★★★★

J.G. Ballard’s brutishly prescient novel High-Rise may have been penned in 1975, but this slick and glistening update shows that the author’s dissections of a society in decay are as frighteningly relevant now as they were when the book first hit the shelves.

Dr. Robert Laing (Tom Hiddleston) moves into a stylish new luxury apartment block, and all is well. But as social division begins to rankle between the wealthy elite on the upper floors and those below, and pitched battles lead to electricity failures, Laing’s microcosmic world shuts itself in and begins to disintegrate into an orgy of violence.

Husband/wife team Ben Wheatley (director) and Amy Jump (screenwriter) are no strangers to dark material, with shockers like Kill List and A Field In England gracing their portfolio. As such, they’re a natural fit to the harshness of Ballard’s prose. Jump deftly weaves in and out of reality, past and present, capturing Ballard’s distinctive dialogue with the clarity of academia.

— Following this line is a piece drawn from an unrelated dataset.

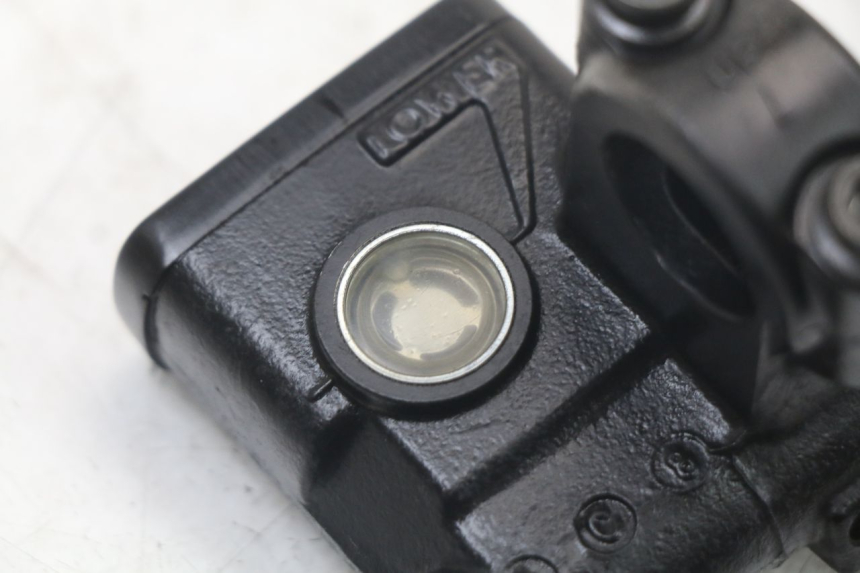 photo de CILINDRO MAESTRO DELANTERO HONDA PCX (JF28) 125 (2009 - 2011) - Detalles de los puntos de fijación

Hiddleston, too, has precisely the kind of cold, polished marble exterior that makes him foundational to the apartment block itself. It is an extension of him, and he moves through it effortlessly. The casting agent deserves a medal for Jeremy Irons’ fit to dual architect/social philosopher Royal, and outside bets that pay off, like James Purefoy’s despicable playboy Pangbourne.

Being that the subject material is so dated, women inevitably get the short end of the stick, though Sienna Miller and Elisabeth Moss play their dichotomous roles of mother/whore to perfection. Jump maintains Ballard’s treatment of the woman as product and belonging, staying true to the greater message, but lashes out with late-game violence that empowers her sex.

Wheatley’s polish is the film’s greatest asset. Nothing in his oeuvre remotely resembles this level of sheen and splendour. Even the violence is operatic, grandiose – a man’s ignoble end is refracted endlessly in the labyrinthine coils of a kaleidoscope; another plummets in angelic slow-motion from a party turned chaos. Dog lovers, beware. Class divisions, too, are realised with blatant visual motif, often so baroque as to be quietly laughable.

A classic adaptation flaw rises when they press the point. Invoking Thatcher before the credits roll feels cheap, a quick and efficient way of distancing the filmmakers from their monstrous creations. The phantom of her politics haunts the high-rise long before her voice is heard; in her absence, the film would be all the more chilling for its proximity to the present.

With a vicious streak a mile wide, Wheatley’s gleaming monstrosity places him comfortably in the realm of Nicolas Winding Refn, another master of discomfort enamoured with social surgery. Both directors, however, are far more focused on exposing scar tissue than seeing it heal. Hope isn’t in your tenancy agreement.

High-Riseopens in cinemas on Thursday August 18.